Welcome to our CaringBridge website. We are using it to keep family and friends updated in one place. We appreciate your support and words of hope and encouragement. Thank you for visiting.
Friends and Family,
You are all truly, sincerely awesome and the love and support we receive every day is amazing.
For anyone new to this conversation, Izzy was diagnosed 2 months shy of her 4th birthday with Neurofibromatosis Type 2 (NF2).
NF2 is very rare, affecting less than 4000 people (less than 400 children) in the US. Also, Izzy is very private and understands that some non-family adults know about her surgery so that they can pray for her, but would be truly devastated if any of her classmates knew she was having surgery. We have always promised to keep this on her terms, so please honor this wish of hers:)
50% of patients inherit it from their parents and 50% are spontaneous genetic mutations.
Most people are asymptomatic until their 20s.
NF2 is a disease in which you have a defect in your DNA that prevents you from making a gene that stops cell growth in nerve
cells (kind of like cancer).
This results in the development over time of multiple, BENIGN tumors throughout the body called schwannomas.
People with NF2 develop multiple other brain tumors called meningiomas and ependymomas.
The hallmark of the disease is the development of schwannomas on both of the vestibular nerves.
These nerves are associated with hearing and balance, so nearly 100% of people with NF2 become deaf, most in their 20s or 30s.
The natural progression of NF2 is that these tumors continue to grow and lead to complete hearing loss and facial paralysis.
Thankfully, we have known about her diagnosis at a point early enough to try to intervene - most people don't find out they have NF2 until it's too late and either they are already deaf or the tumor is too big to save hearing.
Her tumors remain very small (less than 1 cm on each side), but they have progressively gotten a tiny bit bigger every year.
No one knows the best time to resect them, but if they get bigger than 1.5 cm then the odds of saving hearing and preventing facial paralysis go down significantly.
If there is a chance to save Izzy's hearing, then we need to intervene on the tumors involving her hearing nerves before we miss our window to remove them safely.
We've been monitoring these tumors closely and unfortunately the time to try to resect them has arrived.
After 3 unsuccessful attempts to have the surgery done in LA (first Izzy developed pneumonia, then the hospital was bought out and the new owners decided not to allow pediatric surgery, and then rescheduled at UCLA children's only to have the surgeon's credentials lapse because they had been operating primarily at the old hospital) we decided that God was trying to tell us to stay home near family and friends.

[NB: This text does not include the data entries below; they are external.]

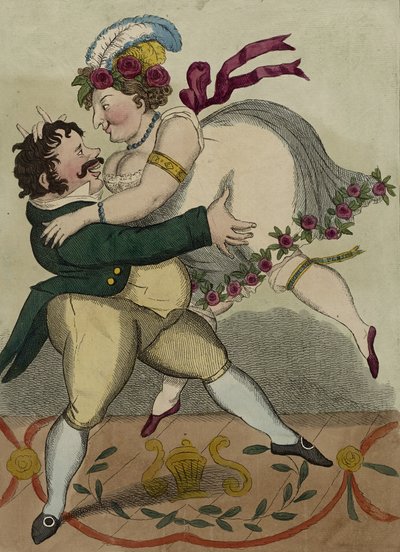 Il nuovo valzer tedesco, c.1818 da Simon Hehl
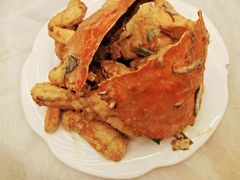 螃蟹炒年糕-渔中舟海鲜大排档(普陀沈家门店)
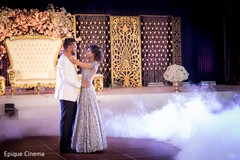 Magical indian wedding first dance scene Magical indian wedding first dance scene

The surgery will take place in at St. Louis Children's on Monday June 26 at 7:30am, and is for all intensive purposes, a "brain" surgery with all the additional risks involved with that. She will have a large incision over her ear and they will have to temporarily remove part of her skull.

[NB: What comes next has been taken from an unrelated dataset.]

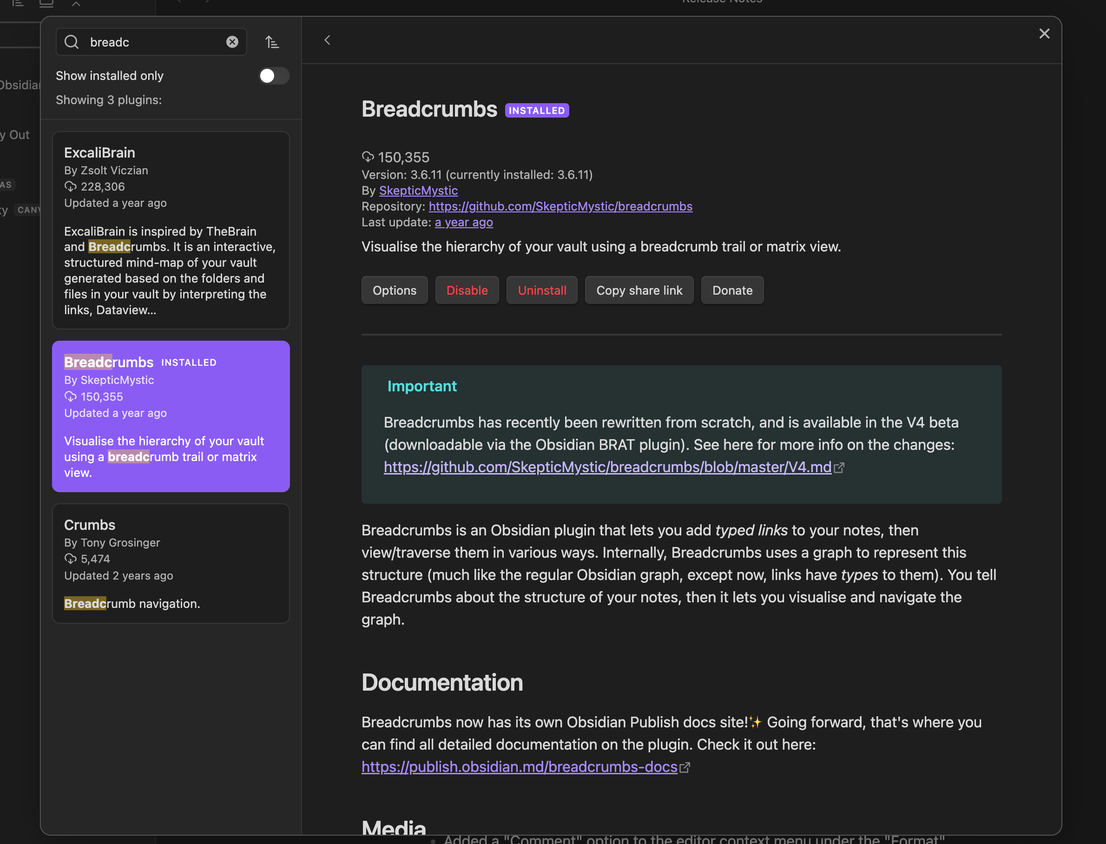 Breadcrumbs - installation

The surgery typically lasts 5-6 hours and incudes a team of neurosurgeons and ENT surgeons.
If all goes well she will spend 2-3 days in the ICU and at least 3 days on the floor before being released from the hospital.
Right now her hearing is as perfect as it can be; however, there is a 50/50 risk of at least partial hearing loss and a 30% risk of complete deafness from a perfect surgery - odds which are hard to stomach.
Knowing that she could lose another day, or year, or years, of normal hearing just by intervening and trying to save hearing in the future is tough to swallow.
However, if we do nothing, her risk of deafness is 100% and she risks developing facial paralysis.
If Izzy wakes up without hearing in her ear, she will likely receive a cochlear implant at a later date.
If her hearing is ok after surgery, then she will need the same surgery on the other side at a later date.
For those of you wanting to read an article on NF2, we have attached an article written by her surgeon that may answer any questions.
Also there are a couple of decent websites -www.advocurenf2.org (http://www.advocurenf2.org/
A particularly nice blog called run4leah chronicles a teenage girl diagnosed with NF2 at 8 years of age and can be found at (http://leahmanth.typepad.com/
We are overwhelmed with the love and support we receive from each of you everyday.
You help give us the strength to battle this disease, the shoulders to cry on, the hugs to squeeze away the pain, beer and wine to get through the tough times, and the hope we need to help Izzy (and Claire and Jane) enjoy life, despite this devastating diagnosis.
Words will never be able to express how much you all mean to us.
Thank you from the bottom of our hearts for all of your love and support.